I think I've built enough of a base and I'd like to start HRM training. My goal is to lose some more body fat. My current weight is approximately the same as when I started, although my body fat has dropped noticeably.

I'd welcome all any and advice I can receive. I'm confused with all the reading that I've done about 'fat burning zones' and 'endurance zones'-Basically, how does riding at a lower intensity burn more fat? IIRC, I've read that one needs to be at 60% of max HR to burn fat. To me this seems illogical!

Help!!

BTW, I'm 33, 240, Max HR 191 and I think so far I've come a long way!
 
Originally posted by neilkod
I've recently started road riding-Bought my first bike around 1-Mar-04. Since then, I've logged approximately 1500 miles, including a century and the MS-150.

In addition to that I've also put on about 200 miles on the MTB in that time frame.
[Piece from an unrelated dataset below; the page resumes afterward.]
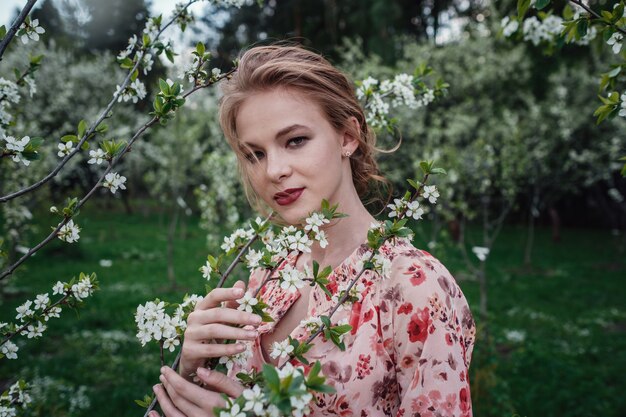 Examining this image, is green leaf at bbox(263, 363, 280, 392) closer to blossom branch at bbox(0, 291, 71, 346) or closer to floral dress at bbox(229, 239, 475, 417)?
floral dress at bbox(229, 239, 475, 417)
I think I've built enough of a base and I'd like to start HRM training. My goal is to lose some more body fat. My current weight is approximately the same as when I started, although my body fat has dropped noticeably.

I'd welcome all any and advice I can receive. I'm confused with all the reading that I've done about 'fat burning zones' and 'endurance zones'-Basically, how does riding at a lower intensity burn more fat? IIRC, I've read that one needs to be at 60% of max HR to burn fat. To me this seems illogical!

Help!!

Hi,

I'll tell you what works for me and you can decide if this will work for you. I use 3 work zones - which is much easier for me to manage when I'm cycling (if you're going up the side of a hill - and you're trying to figure out which of 7 zones you're in it gets kind of distracting); this works well with my HRM which can handle 3 zones; and this is consistent with one of the problems with HR training that HR can vary for a whole number of reasons (tired, humidity etc) so don;t get bogged down with a whole bunch of zones instead keep it simple.
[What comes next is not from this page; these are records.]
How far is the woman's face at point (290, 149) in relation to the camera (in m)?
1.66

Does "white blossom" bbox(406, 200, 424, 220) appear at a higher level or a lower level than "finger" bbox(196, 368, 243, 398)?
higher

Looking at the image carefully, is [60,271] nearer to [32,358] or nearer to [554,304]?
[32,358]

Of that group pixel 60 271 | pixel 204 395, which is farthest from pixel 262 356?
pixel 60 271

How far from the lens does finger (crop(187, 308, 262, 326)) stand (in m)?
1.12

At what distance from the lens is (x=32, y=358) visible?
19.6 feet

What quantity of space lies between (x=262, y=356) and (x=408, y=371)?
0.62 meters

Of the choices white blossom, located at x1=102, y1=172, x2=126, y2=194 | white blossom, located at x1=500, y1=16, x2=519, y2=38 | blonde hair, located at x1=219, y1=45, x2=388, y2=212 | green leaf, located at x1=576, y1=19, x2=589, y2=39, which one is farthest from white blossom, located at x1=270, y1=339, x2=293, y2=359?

Your anchor point is your MHR. For me its 200 BPM. I first started with zones based on 10% of MHR. However, and you might run into this problem with a MHR of 191, a band of 20 points (MHR 200 BPM) is pretty wide. To fix this, I switched to 10% bands based on the gap between with RHR (50 BPM) and MHR (200 BPM). Each zone is 15 points. My zones look like this -

Zone Range Notes
5 185-200 v.intense
4 170-184 hard work - tempo
3 155-169 endurance
2 140-144 recovery
1 <140 go home this is a waste of time

So if I want to do a hard workout - such as intervals - then I'm looking to book some time in Z5. If I want to go out and put some miles on my legs then I'll be in Z3.

re - your fat burning question. at a lower intensity, your body gets more of its energy from fat but the total number of calories burned is less than at high intensity(ie big slice of a small pie). And at a high intensity, although a smaller percent of calories burned is from fat because the pie (ie total cals burned) is much larger, you will burn more fat at a higher exercise intensity. You can find examples with the numbers to back this up in the literature. So its a fallacy to say that you need to exercise at a lower intensity to burn fat.